The Farce is strong with this one.
By and large, I enjoy the portable versions of Star Wars games. Granted, I may be biased, judging by the electronic R2-D2 that sits in the corner of my room (just next to the Yoda cut-out). Yet ever since the Game Boy Star Wars games, I have felt that the handheld renditions of Star Wars were crafted well - and yes, I enjoyed Star Wars Episode II: The New Droid Army. Star Wars the Force Unleashed II, however, is the video game equivalent of Jar Jar Binks.
In his review of the Wii version of Force Unleashed II, Neal Ronaghan noted that the game was crippled by poor controls, weak storytelling, and pervasive monotony. The DS version manages to bring all the flaws of its console big brother onto the portable system, without having to shrink them down to size. In fact, with the exclusion of the Wii version's multiplayer, the game loses what Neal described as its only saving grace.

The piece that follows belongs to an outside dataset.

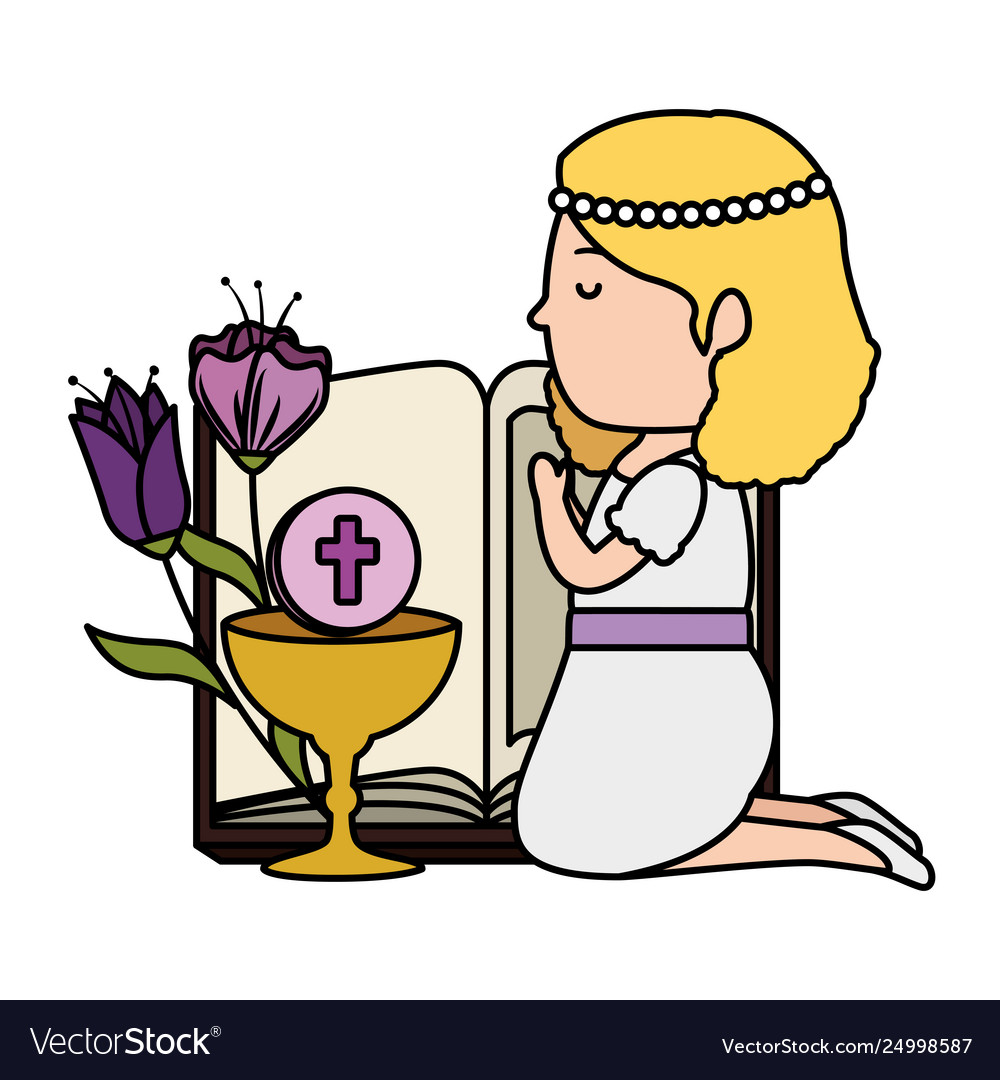 Little kneeling girl with bible and flowers first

The DS version is a side-scrolling beat-'em-up with very simplistic puzzle elements. The player is given several force powers, each of which corresponds to a unique color. When the player sees an object highlighted in one of these colors, the corresponding force power must be used on that object to solve the puzzle. This portion of the game can hardly be considered puzzling, unless of course the player is color blind.
The game tries to pad out its extremely brief storyline with some poorly implemented cut scenes. These are told in comic-book fashion, with occasional four-second 3D clips thrown into the mix. I cannot stress how poorly these are presented; at one point I laughed out loud as the only difference between frames was a character's head abruptly rotating a full 90 degrees.
To accompany the shoddy visual presentation is audio that always sounds as if it is coming through a walkie-talkie. The story never quite makes sense, either, which is strange because the game could have really used some padding for its several-hour long campaign. Most cut scenes feel rushed, and a good deal of the characters are simply never introduced properly.
With both puzzles and story out of the picture, the player is left only with the game's combat, of which there is plenty. In fact, most of the player's time with Force Unleashed II will be spent swiping madly at the screen, or tapping furiously to spam force powers. The enemies are often dumb and have very little variation, meaning that the same winning strategies can be used ad nauseam. The game has little in terms of combos, which is unsurprising considering its limited controls.
All interaction with the game is handled via the d-pad, or the touch screen. Movement, jumping, and dashing are all mapped to the d-pad, and all attacks are done with the stylus. Because the touch screen is so heavily implemented, players lose access to the system's extra buttons and are forced to hold the DS in a claw-like position. This means that after playing through the blessedly brief storyline, your hands will hurt. Much like the recent Donkey Kong Country Returns, the choice to use a system's unique interface in favor of a more logical button option does not benefit Force Unleashed II.
Early on in the game, I reached an escape segment during which I repeatedly died because of the fact that running and jumping were both mapped to the d-pad. A bit after that, I reached a segment during which I died simply because the game would not register my input on the touch screen during a boss battle.
Force Unleashed II on DS then, is a short-lived side-scrolling beat-'em-up with poor presentation, miserable controls, repetitive combat, and a confusing story. The game did have one genuinely cool moment, where the player gets to fight a gigantic boss in a rather enjoyable battle, but that was the only highlight for me. Even Star Wars fans should avoid this outing, lest their hearts and hands be broken as mine were.